* Work instruction: Word for word, give the records again, dropping any picture they hold.

* Information:
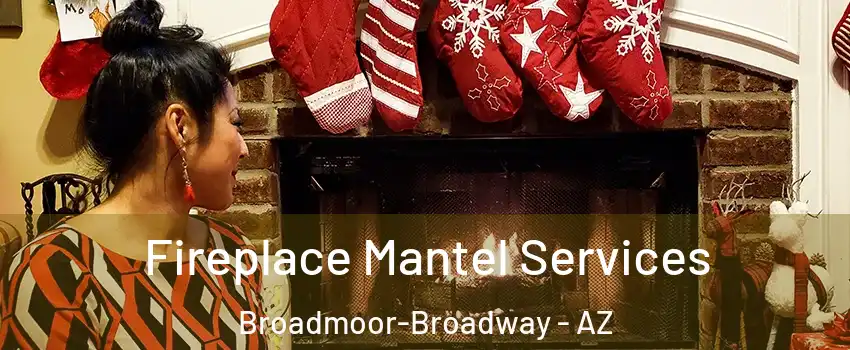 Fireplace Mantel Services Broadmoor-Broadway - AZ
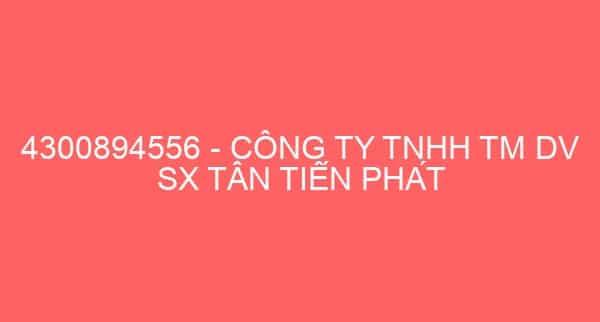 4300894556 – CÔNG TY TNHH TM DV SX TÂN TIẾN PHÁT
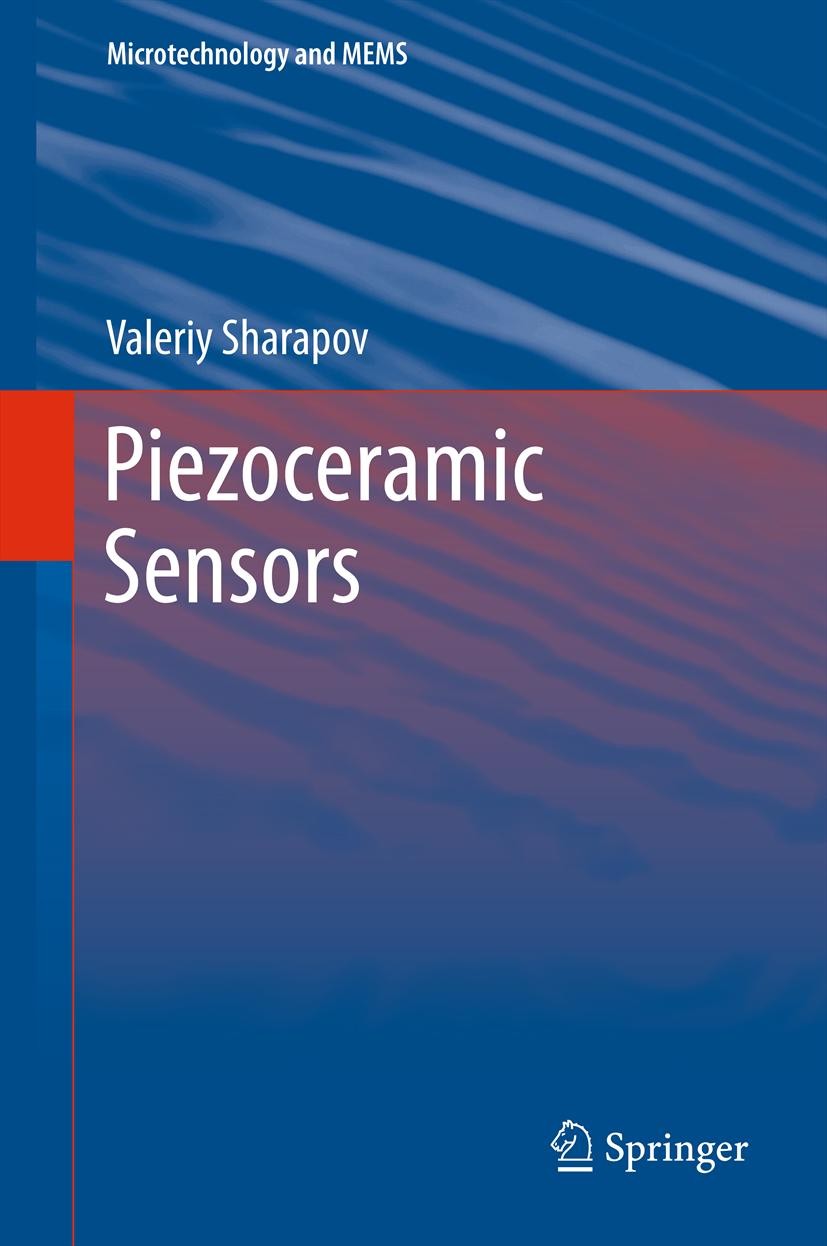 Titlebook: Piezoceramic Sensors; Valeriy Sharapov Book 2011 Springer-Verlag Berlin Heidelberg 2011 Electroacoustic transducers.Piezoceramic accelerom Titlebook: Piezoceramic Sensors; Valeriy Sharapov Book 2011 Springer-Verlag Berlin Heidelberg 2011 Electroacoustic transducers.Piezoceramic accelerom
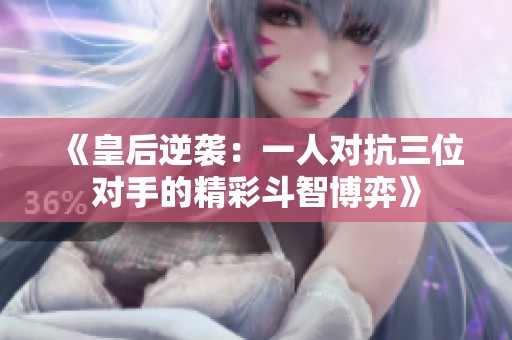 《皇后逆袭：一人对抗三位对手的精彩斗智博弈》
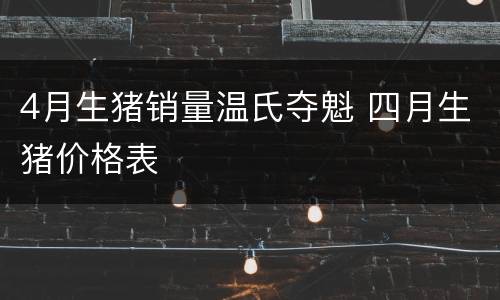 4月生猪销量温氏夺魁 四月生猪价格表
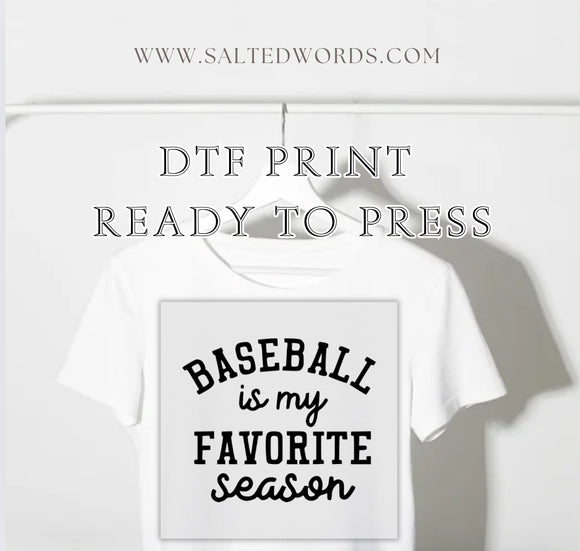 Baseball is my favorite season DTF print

* Answer to the exercise:
 Fireplace Mantel Services Broadmoor-Broadway - AZ
 4300894556 – CÔNG TY TNHH TM DV SX TÂN TIẾN PHÁT
 Titlebook: Piezoceramic Sensors; Valeriy Sharapov Book 2011 Springer-Verlag Berlin Heidelberg 2011 Electroacoustic transducers.Piezoceramic accelerom Titlebook: Piezoceramic Sensors; Valeriy Sharapov Book 2011 Springer-Verlag Berlin Heidelberg 2011 Electroacoustic transducers.Piezoceramic accelerom
 《皇后逆袭：一人对抗三位对手的精彩斗智博弈》
 4月生猪销量温氏夺魁 四月生猪价格表
 Baseball is my favorite season DTF print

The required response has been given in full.